Garip olan bu değil.
Çalışanlar bu lafı söylemeye o kadar şartlanmış ki toplamda 5 saniye önce sizi gören bir çalışan, marketin içinde tekrar görürse, tekrar aynısını söylüyor. Bir raf arkaya geçiyorsunuz, öndeki rafa geri dönüyorsunuz ve…
“Irrashaimaseeeee!”
Korku filmi gibi.
Bu durumun restoranda olan versiyonu çok daha komik. Özellikle büyük restoranlarda, bu “hoşgeldiniz” dalgası, ön kapıdan başlıyor ve arka tarafa doğru yayılarak en son mutfağın içine kadar girerek, 15 saniye kadar devam ediyor.
Tamam! Hoşgeldim!
Varan 2
Ekonomilerinin nasıl bu kadar iyi olduğunu, nasıl bu kadar düzgün iş yaptıklarını anlamış bulunuyorum.

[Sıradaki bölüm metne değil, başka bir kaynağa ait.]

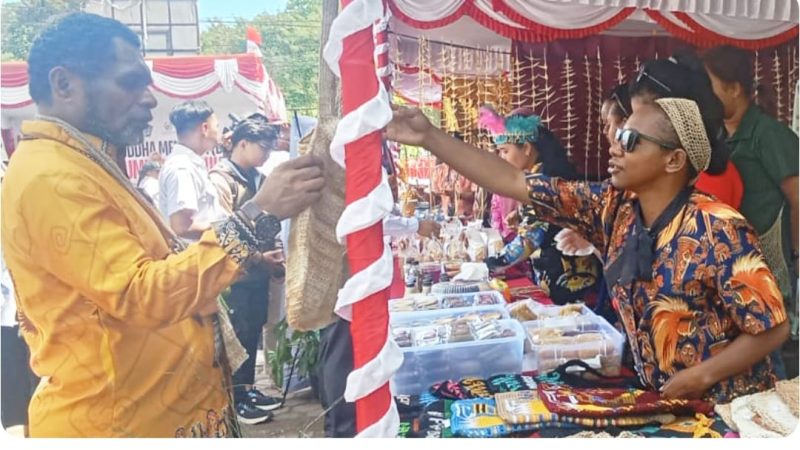 Keterangan gambar: Kepala Kanwil Kemenag Papua Barat, Luksen Jems Mayor, S.Sos., M.A.P. (kiri), saat mengunjungi salah satu stan pameran.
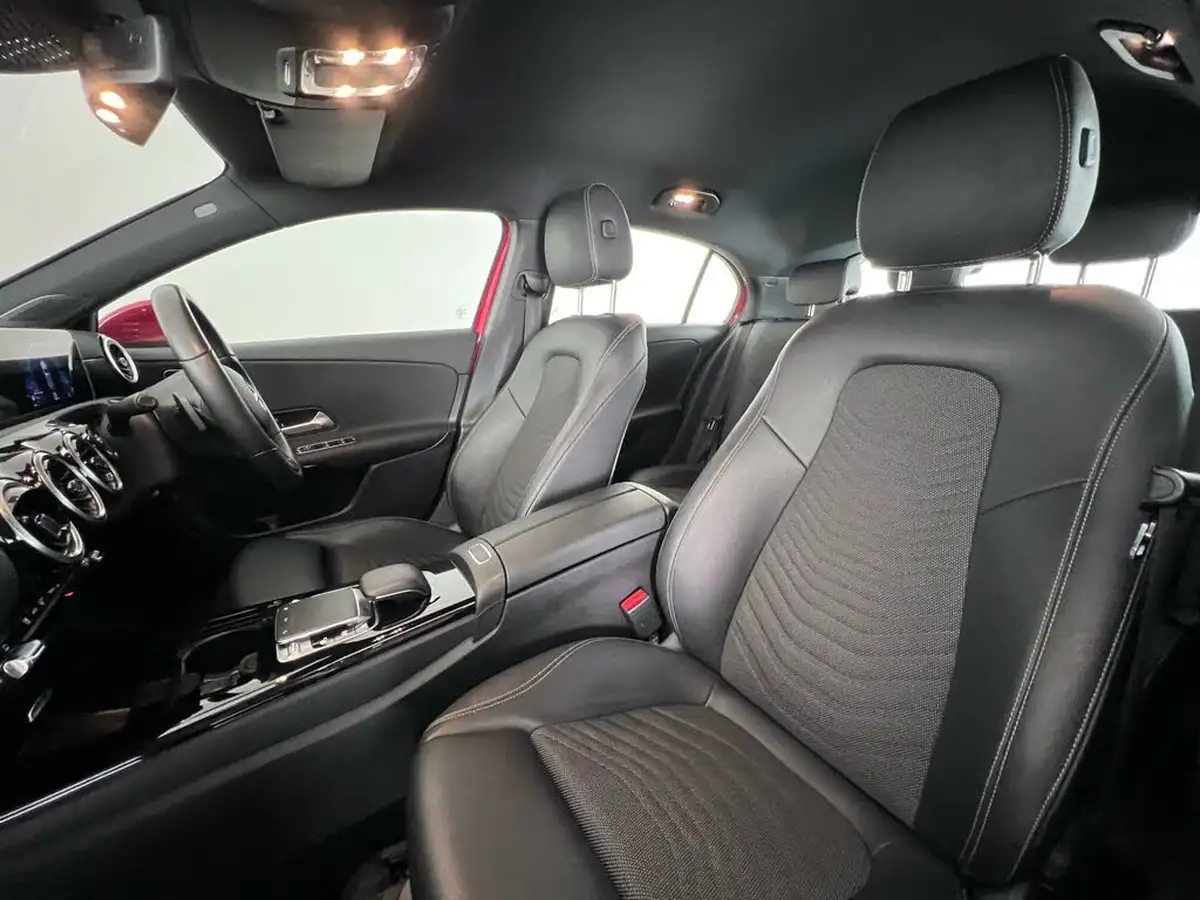 2019-mercedes-benz-a-class-13-a180-se-executive-7g-dct-big-14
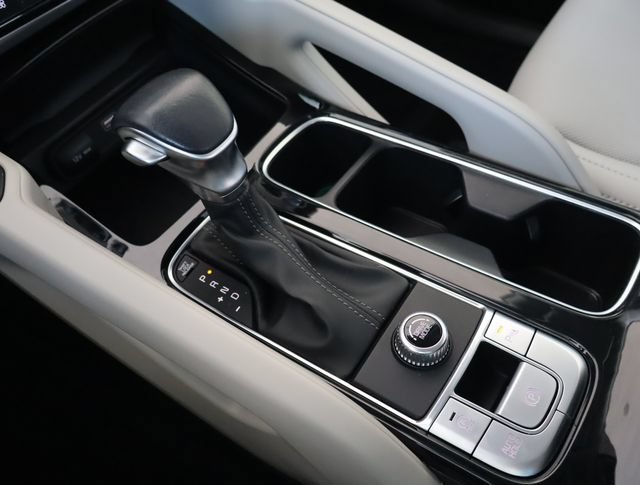 Used 2024 Kia Telluride S w/ S Sunroof Package FWD image 40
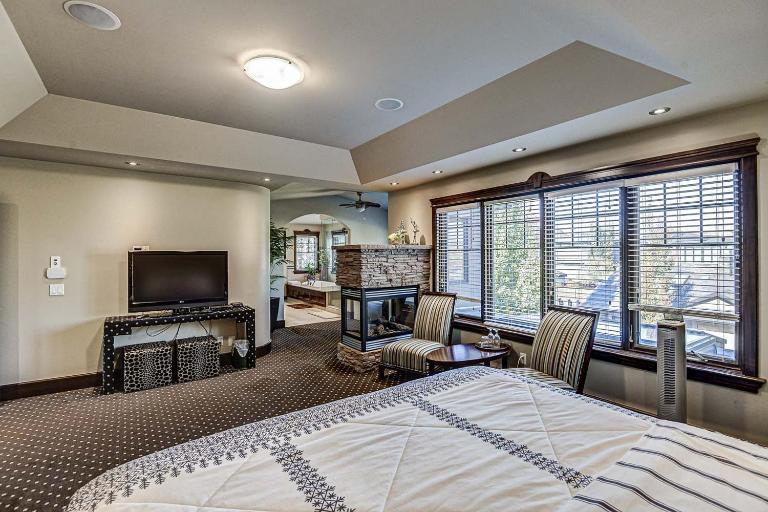 Westmount River Inn - B&B Calgary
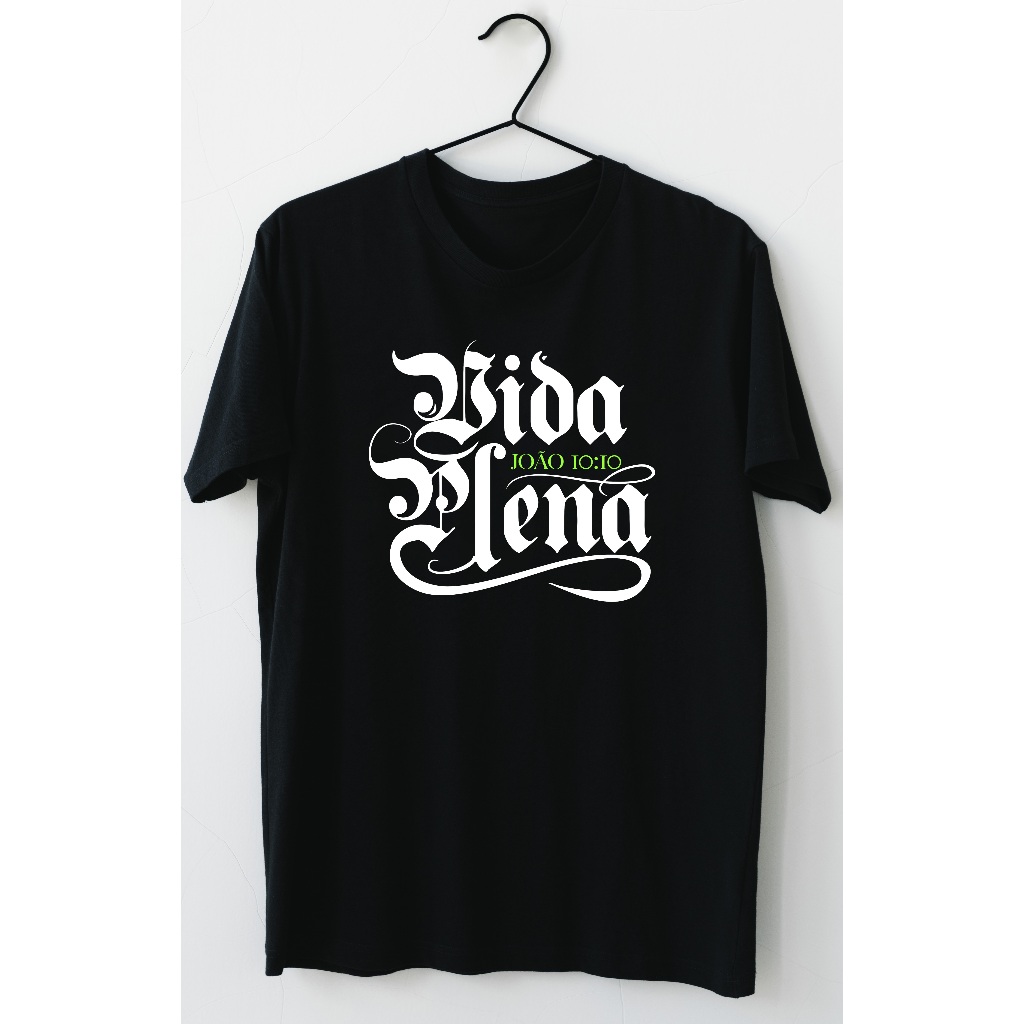Camiseta preta malha PV personalizada Vida Plena Jesus estampa cor branca premium antipilling antialergico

Japon çok çalışıyor bu bir.
İkincisi, her şeyin nasıl yapılacağı o kadar belli ki, siz mimarlık fakültesinden mezun olun, gidip bir şirkette muhasebe sorumlusu olarak iş yapmak isteyebilirsiniz. Neyi, nasıl yapmanız gerektiği size bir bir anlatılıyor, yazılıyor, çiziliyor ve robot gibi o işi yapıveriyorsunuz.
Bunu anlattım zira Japon, çok ilginçtir ki sosyal zeka veya pratik zekadan son derece yoksun!
Kore’de İngilizce soru sorduğum insanların nasıl kilitlenip kaldığından ve akabinde kaçma eğilimi gösterdiklerinden bahsetmiştim.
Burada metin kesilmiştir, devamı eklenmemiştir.